Сергей Юрьенен - Беглый раб. Сделай мне больно. Сын Империи
— Реакция, однако…
Люсьен молчал.
— Бля, жизнь нам спас.
— А зачем?
— Септант, нонант… Погибнуть в Бельгии бессмысленно.
— А жить?
— Где, здесь?
— Нет, — вскричал Люсьен… — Вообще?
Автострада шла синусоидой по этим лесистым арденнским холмам — из долины в долину. Высоко выгнутые фонари заливали всё впереди красноватым светом. Люсьен в молчании прибавил скорость. Алексей покосился на спидометр, но это ещё был не предел. Его вдавило в кресло, и он закрутил до конца стекло, чтобы не слышать встречный ветер. Сигарета ровной струйкой исходила в правящей руке его французского друга — надёжного, как этот мотор, как полотно дороги, как сама Европа, и, взлетая на гребень волны, они на пару с ним врезались в звёздное небо, подсвеченное багровым заревом. Он завёл руку за спину, нашарил «Полароид». Вспышка ослепила их обоих, в ладонь Алексею вытолкнуло снимок в профиль. Потом он щёлкнул руку с сигаретой на фоне приборной доски, и, разглядывая сыроватый глянец, обнаружил на фото, что, выжимая газ до предела, другой рукой Люсьен суеверно перекрестил два пальца. Алексей приложился к видоискателю. Вспышка в лобовое стекло. Небо сквозь него вышло, как открытый космос, откуда нет возврата на брошенную землю. «Полароидом» он перекрыл водителю обзор и выстрелил в лицо.
Люсьен вскрикнул.
Ослепше он летел вперёд.
Сбросив скорость, на вершине свернул к обочине.
— Mais tʼes fou ou quoi?[78]
На влажном фото в глазах, однако, был не ужас, а восторг. Не глядя, он отбросил снимок:
— Completement fou.[79]
Метрах в ста направо поворот на тускло озарённую стоянку для тех, кого среди Европы застигла ночь. Люсьен въехал и припарковался задом к бордюру.
— Il est fou…[80]
Алексей открыл дверцу, вышел. Позади вдоль линии асфальта одноного стояли урны, на каждую опрятно вывернут пластик мешка. Со стороны водителя дверца хлопнула.

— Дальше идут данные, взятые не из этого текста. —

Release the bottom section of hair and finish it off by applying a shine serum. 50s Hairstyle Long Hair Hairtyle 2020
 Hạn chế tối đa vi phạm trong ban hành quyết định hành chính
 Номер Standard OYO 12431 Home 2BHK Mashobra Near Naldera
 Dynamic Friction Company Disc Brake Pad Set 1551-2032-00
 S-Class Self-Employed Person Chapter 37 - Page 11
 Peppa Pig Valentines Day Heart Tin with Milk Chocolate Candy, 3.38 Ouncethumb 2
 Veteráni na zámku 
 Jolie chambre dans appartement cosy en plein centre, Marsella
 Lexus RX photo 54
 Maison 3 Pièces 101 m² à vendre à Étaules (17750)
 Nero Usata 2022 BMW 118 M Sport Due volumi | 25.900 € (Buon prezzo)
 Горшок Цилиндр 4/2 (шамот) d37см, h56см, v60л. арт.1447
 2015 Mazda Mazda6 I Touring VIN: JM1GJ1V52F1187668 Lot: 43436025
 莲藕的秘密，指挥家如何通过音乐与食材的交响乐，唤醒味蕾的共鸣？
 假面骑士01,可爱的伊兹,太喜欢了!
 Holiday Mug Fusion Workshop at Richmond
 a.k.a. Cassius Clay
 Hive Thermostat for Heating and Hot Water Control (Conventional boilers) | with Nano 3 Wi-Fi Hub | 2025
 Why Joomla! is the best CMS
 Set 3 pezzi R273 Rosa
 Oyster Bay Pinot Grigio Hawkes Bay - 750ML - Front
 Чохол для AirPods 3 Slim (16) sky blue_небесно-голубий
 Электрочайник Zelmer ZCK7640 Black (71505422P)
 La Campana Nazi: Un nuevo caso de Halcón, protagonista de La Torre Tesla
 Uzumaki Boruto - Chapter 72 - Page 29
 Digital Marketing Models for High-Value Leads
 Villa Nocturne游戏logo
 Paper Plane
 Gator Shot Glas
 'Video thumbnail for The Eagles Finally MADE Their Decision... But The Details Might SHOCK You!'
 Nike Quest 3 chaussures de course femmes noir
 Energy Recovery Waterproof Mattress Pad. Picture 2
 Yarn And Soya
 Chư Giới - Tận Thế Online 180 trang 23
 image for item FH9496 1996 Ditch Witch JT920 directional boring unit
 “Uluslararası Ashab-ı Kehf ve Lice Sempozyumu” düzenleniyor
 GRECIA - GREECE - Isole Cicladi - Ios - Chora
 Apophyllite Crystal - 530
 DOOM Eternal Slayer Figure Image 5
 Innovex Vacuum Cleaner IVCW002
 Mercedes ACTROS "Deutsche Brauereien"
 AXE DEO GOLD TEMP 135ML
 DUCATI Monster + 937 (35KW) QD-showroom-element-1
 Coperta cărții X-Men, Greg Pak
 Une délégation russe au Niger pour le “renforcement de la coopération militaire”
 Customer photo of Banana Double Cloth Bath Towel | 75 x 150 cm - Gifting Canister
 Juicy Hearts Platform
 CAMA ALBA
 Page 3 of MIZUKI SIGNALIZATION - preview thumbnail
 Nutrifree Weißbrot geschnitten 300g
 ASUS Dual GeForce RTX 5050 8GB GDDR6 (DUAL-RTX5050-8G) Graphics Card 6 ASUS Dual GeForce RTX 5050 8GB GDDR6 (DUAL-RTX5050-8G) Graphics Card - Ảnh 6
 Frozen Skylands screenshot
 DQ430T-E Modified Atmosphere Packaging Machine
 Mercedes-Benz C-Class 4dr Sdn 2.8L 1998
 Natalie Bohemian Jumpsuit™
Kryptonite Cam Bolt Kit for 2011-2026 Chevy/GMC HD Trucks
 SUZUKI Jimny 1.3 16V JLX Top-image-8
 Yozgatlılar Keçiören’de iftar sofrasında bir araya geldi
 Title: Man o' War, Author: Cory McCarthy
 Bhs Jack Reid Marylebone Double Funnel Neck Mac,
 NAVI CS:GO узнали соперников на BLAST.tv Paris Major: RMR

— Зато теперь тебе охота жить.
— Ладно! — ответил Люсьен, — писатель!.. Фёдор Николаич… Что будем делать?
Стоянка уходила в рощу, вдоль аллеи вкопаны столы и скамейки. Все удобства, включая печки для гриля. И никого. Справа проносились тёмные машины — изредка и словно сами по себе. По обе стороны автострады красноватый туман растворялся над полями сахарной свеклы. Было душно. На горизонте полыхала неоном станция обслуживания.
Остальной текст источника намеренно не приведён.